RESULTS: We identified 1669 patients (O: 895; C: 774). While no differences in demographics were observed, the closed-collaborative cohort had a higher overall ISS (O: 21.5 ± 12.14; C: 25.10 ± 2.72; P < 0.0001). There were no significant differences between the two cohorts in the incidence of strokes (O: 1.90%; C: 2.58%, P = 0.3435), pulmonary embolism (O: 0.78%; C: 0.65%; P = 0.7427), sepsis (O: 5.25%; C: 7.49%; P = 0.0599), median ICU charges (O: $7784.50; C: $8986.53; P = 0.5286), mortality (O: 11.40%; C: 13.18%; P = 0.2678), or ICU length of stay (LOS) (O: 4.85 ± 6.23; C: 4.37 ± 4.94; P = 0.0795).
CONCLUSIONS: Patients in the closed-collaborative cohort had similar clinical outcomes despite having a sicker cohort of patients. We hypothesize that the closed-collaborative ICU model was able to maintain equivalent outcomes due to the dedicated multidisciplinary critical care team caring for these patients. Further research is warranted to determine the optimal model of ICU care for trauma patients.
方法:对2015年8月1日至2019年7月31日SICU的创伤患者进行回顾性分析。患者分为2017年8月1日之前入院的患者(“开放”队列)和2017年8月1日之后入院的患者(“封闭协作”队列)。分析人口统计学变量和临床结果。使用损伤严重程度评分(ISS)评估创伤严重程度。

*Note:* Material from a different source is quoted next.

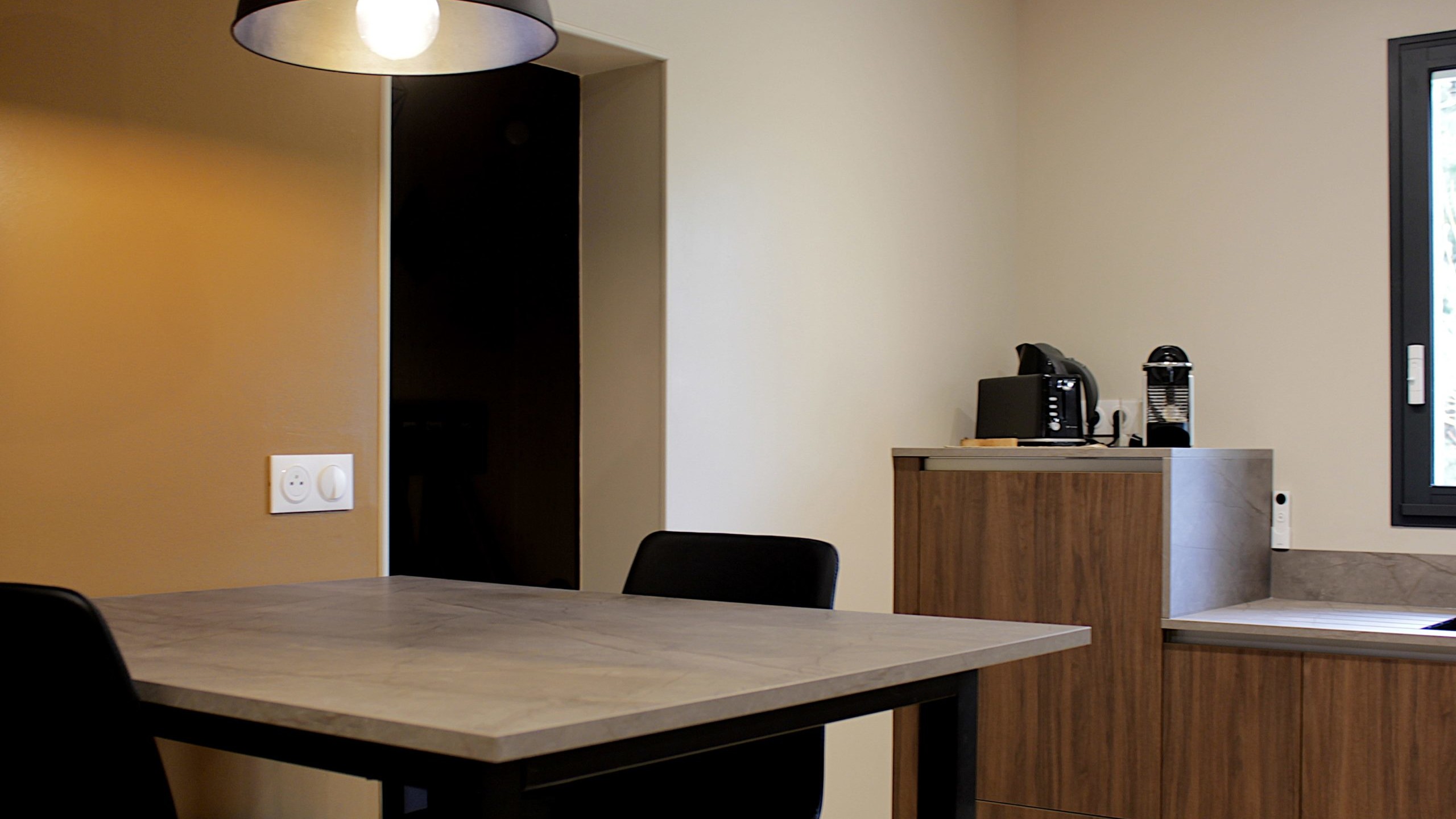 Cuisine moderne en noyer avec meubles clairs, hotte noire, éclairage discret et détails dorés subtils.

结果:我们确定了1669例患者(O:895;C:774)。虽然没有观察到人口统计学差异,封闭协作队列的总体ISS较高(O:21.5±12.14;C:25.10±2.72;P<0.0001).卒中发生率两组间无显著性差异(O:1.90%;C:2.58%,P=0.3435),肺栓塞(O:0.78%;C:0.65%;P=0.7427),脓毒症(O:5.25%;C:7.49%;P=0.0599),ICU费用中位数(O:7784.50美元;C:8986.53美元;P=0.5286),死亡率(O:11.40%;C:13.18%;P=0.2678),或ICU住院时间(LOS)(O:4.85±6.23;C:4.37±4.94;P=0.0795)。
结论:封闭协作队列中的患者尽管有较病重的队列,但具有相似的临床结果。我们假设,由于专门的多学科重症监护团队照顾这些患者,封闭式协作ICU模型能够保持同等的结果。需要进一步的研究来确定创伤患者ICU护理的最佳模式。